Sport

"Es ist fast unmöglich, ohne Doping vorne mitzumachen"

Im Herbst 2008 brach das Lügengebäude um Bernhard Kohl zusammen. Der Dritte der Tour de France gab zu, jahrelang Blutdoping betrieben und unter anderem mit EPO gedopt zu haben. Er beendete seine Karriere und führt heute in der Triesterstraße in Wien das größte Fahrradgeschäft Österreichs. Der 32-Jährige spricht im KURIER offen über seine Doping-Erfahrungen.

KURIER: Überrascht Sie die positive Dopingprobe von Johannes Dürr?

Bernhard Kohl: Das Leistungsvermögen an der Weltspitze wird immer noch größer. Da ist es schon sehr schwierig, fast unmöglich, ohne Doping ganz vorne mitzumachen. So gesehen war es für mich nicht überraschend.

Ist einem jungen Sportler bewusst, dass er erwischt werden kann?

Ich war jahrelang Teil eines Doping-Systems. Für mich war Doping Alltag, es war wie ein Teil meines täglichen Trainings.

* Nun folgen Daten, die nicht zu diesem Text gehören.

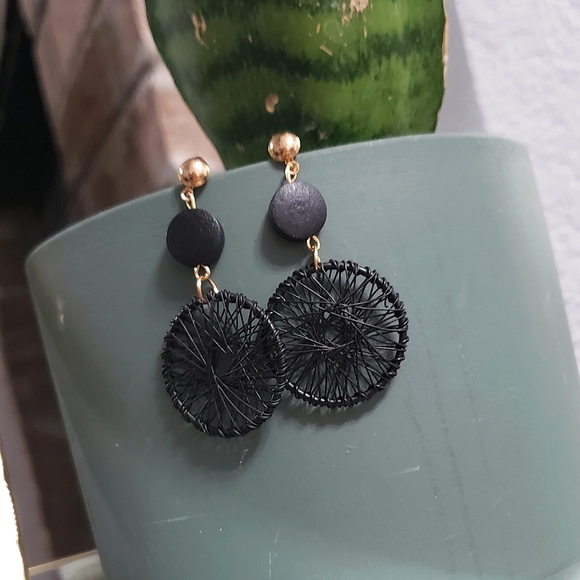 Black Mandala 🖤 Gold Round Dangle Earrings - Picture 4 of 4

Johannes Dürr hat natürlich genau gewusst, was er tut. Und er wird wohl gedacht haben, dass er nicht erwischt wird.

Weil EPO in Mikrodosen nur sehr schwierig nachweisbar ist?

Vermutlich. Man ist sich seiner Sache schon sehr sicher. Aber eines ist mir schon suspekt vorgekommen: Dass er zwischen dem Skiathlon und dem 50-Kilometer-Bewerb wieder nach Hause geflogen ist. Da habe ich mir schon gedacht: Was macht er da?

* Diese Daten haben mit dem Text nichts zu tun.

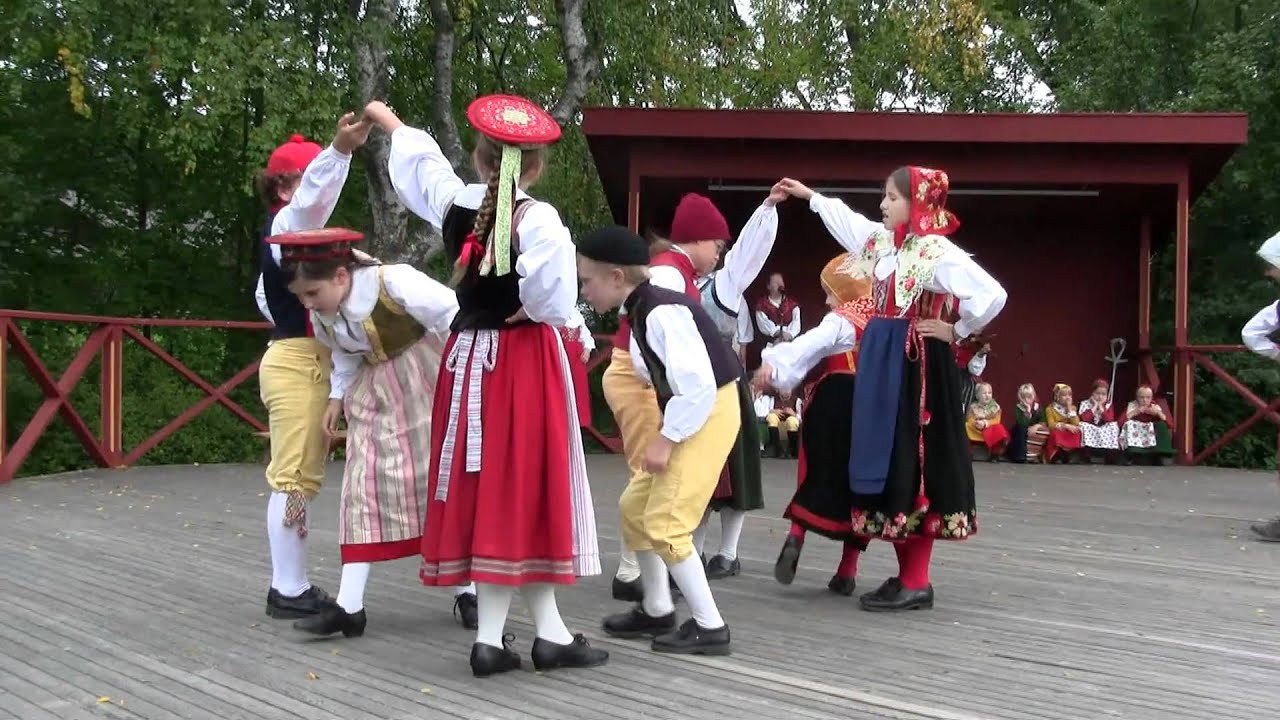 Skansens ringleksbarn Gustavs skål YouTube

ÖSV-Präsident Schröcksnadel behauptet, dass "heutzutage eh niemand mehr mit EPO dopt". Ist EPO im Sport überhaupt noch Stand der Dinge?

Absolut. EPO funktioniert. EPO ist im Ausdauersport noch immer das A und O, ein echter Schnellmacher. Ich habe natürlich keine Ahnung, ob Johannes Dürr auch Eigenblutdoping betrieben hat, so wie ich es getan habe. Aber bei mir hat die Kombination aus beidem sehr gut funktioniert.

Wie geht es einem Sportler, wenn er von der positiven Dopingprobe erfährt?

Da bricht eine Welt zusammen. Es ist ein fürchterlicher Moment. Bei ihm ist das noch schwieriger als es bei mir war, da ich nicht mehr vor Ort war, sondern längst zu Hause. Außerdem hat sich mein Fall ein bisschen angekündigt. Aber bei Olympia zu sein und dort von einer positiven Probe zu erfahren, muss schrecklich sein.

Was bedeutet das für eine Sportler-Karriere?

Diese Frage muss er sich selbst stellen. Ich habe gestanden und einen Schlussstrich gezogen. Aber es gibt eine Auswirkung, die viele andere vergessen: Er kann jetzt seinen Beruf nicht ausüben, mit dem er das Geld für sich und seine Familie verdient hat. Da kann man schon Existenzängste bekommen.

Ist es glaubhaft, dass Dürrs Trainer und Teamkollegen nicht gemerkt haben, dass er dopt?

Das halte ich sogar für sehr wahrscheinlich. Im Radsport war Doping bis zum Fall Ullrich von den Teams organisiert, also bis ungefähr zum Jahr 2006. Bei den Langläufern wird Doping wahrscheinlich bis Turin 2006 organisiert gewesen sein. Doch seitdem wird sich das niemand mehr trauen. Da ist jeder Sportler auf sich alleine gestellt und niemand darf etwas erfahren. Nicht einmal der Zimmerkollege oder der Teamarzt.

Wie kommt ein Einzelsportler überhaupt zu EPO?

Das Internet eröffnet da sehr große Möglichkeiten. Aber man braucht Geld. Ich habe beim Team Gerolsteiner in zwei Jahren 60.000 bis 70.000 Euro in Dopingmethoden investiert.